Apples should be stored in a breathable container – paper bags, tattie sacks and crates all work perfectly for this. Please don’t store your apples in plastic bags as this causes them to sweat and rot.

When should I bring them?

The short answer: as soon as possible after harvesting.

The longer answer: this depends very much on the variety and condition of the apple. If you pick your apples directly from the tree, it’s best to get them to Thistly within one or two weeks of harvesting. The most important thing, though, is that they meet all of the criteria above.

Apples are milled at Thistly on Wednesdays and are pressed on Thursdays and Fridays. Please bear this in mind when arranging drop-off. As we are very busy during the harvest, we Thistly can’t always process your apples in the same week that you drop them off, so it’s important that they’re fit to be stored for a few days.

Brilliant - my apples fit the criteria!

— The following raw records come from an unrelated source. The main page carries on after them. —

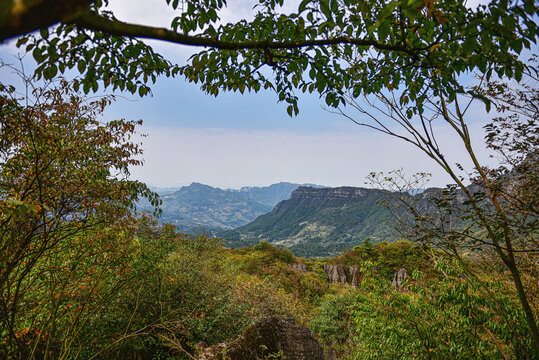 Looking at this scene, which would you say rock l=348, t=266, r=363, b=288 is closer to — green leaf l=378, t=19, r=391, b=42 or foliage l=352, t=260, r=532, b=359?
foliage l=352, t=260, r=532, b=359

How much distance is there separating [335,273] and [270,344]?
36.2m

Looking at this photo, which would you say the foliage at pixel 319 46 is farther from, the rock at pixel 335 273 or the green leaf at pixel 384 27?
the rock at pixel 335 273

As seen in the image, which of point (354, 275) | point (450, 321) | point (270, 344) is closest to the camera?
point (450, 321)

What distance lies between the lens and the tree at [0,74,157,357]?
9.73 feet

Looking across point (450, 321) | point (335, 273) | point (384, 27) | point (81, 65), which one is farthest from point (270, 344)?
point (335, 273)

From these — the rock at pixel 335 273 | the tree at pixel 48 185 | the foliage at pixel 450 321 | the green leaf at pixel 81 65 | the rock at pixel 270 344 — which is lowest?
the rock at pixel 335 273

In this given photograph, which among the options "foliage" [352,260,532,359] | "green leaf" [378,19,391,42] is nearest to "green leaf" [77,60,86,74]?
"green leaf" [378,19,391,42]

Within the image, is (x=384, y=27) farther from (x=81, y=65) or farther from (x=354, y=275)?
(x=354, y=275)

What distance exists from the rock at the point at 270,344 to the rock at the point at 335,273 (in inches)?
1342

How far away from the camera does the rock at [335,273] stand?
3812 cm

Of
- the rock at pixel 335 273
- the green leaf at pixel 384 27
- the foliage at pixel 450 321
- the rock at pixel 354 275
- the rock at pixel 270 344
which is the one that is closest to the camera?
the green leaf at pixel 384 27

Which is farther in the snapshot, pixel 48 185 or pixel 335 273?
pixel 335 273

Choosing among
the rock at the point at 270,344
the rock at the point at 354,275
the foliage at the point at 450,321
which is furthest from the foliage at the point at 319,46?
the rock at the point at 354,275

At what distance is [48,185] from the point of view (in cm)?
340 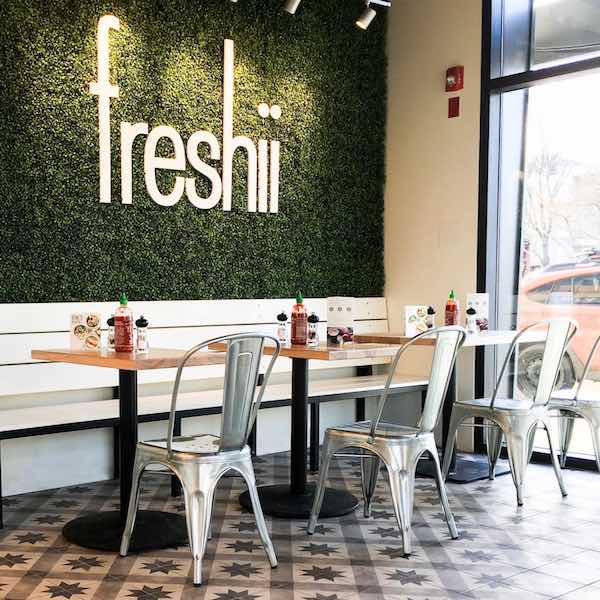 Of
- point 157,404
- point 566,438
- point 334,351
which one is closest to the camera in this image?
point 334,351

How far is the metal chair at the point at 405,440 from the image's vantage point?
347cm

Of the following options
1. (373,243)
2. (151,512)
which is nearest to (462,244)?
(373,243)

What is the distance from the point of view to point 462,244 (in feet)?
19.5

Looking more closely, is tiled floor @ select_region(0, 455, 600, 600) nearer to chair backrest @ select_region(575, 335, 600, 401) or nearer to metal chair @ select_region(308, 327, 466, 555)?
metal chair @ select_region(308, 327, 466, 555)

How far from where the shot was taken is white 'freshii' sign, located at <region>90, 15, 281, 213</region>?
189 inches

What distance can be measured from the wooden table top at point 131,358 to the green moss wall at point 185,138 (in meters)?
1.06

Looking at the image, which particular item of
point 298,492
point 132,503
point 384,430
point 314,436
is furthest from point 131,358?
point 314,436

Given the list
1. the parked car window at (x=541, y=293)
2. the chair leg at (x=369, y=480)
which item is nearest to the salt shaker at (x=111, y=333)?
the chair leg at (x=369, y=480)

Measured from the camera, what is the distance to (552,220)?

What next?

Please drop your apples off at The Store, Belhaven Fruit Farm and enjoy a cup of tea and look around the farm shop whilst you’re there. It is open from 10am to 4pm, seven days a week.

If further north, Thistly now has a Highlands drop-off point at Gordon Castle. Opening hours and visitor information here: ( The Gordon Castle Estate has its own cider, in collaboration with Thistly which will be swapped for any donations.

• Thistly can also collect any fruit donations weighing over a tonne – to arrange this, call them on 07960962510 or email Head Cidermaker, Peter, on to arrange.  To find out more about Thistly Cross and its award winning ciders visit .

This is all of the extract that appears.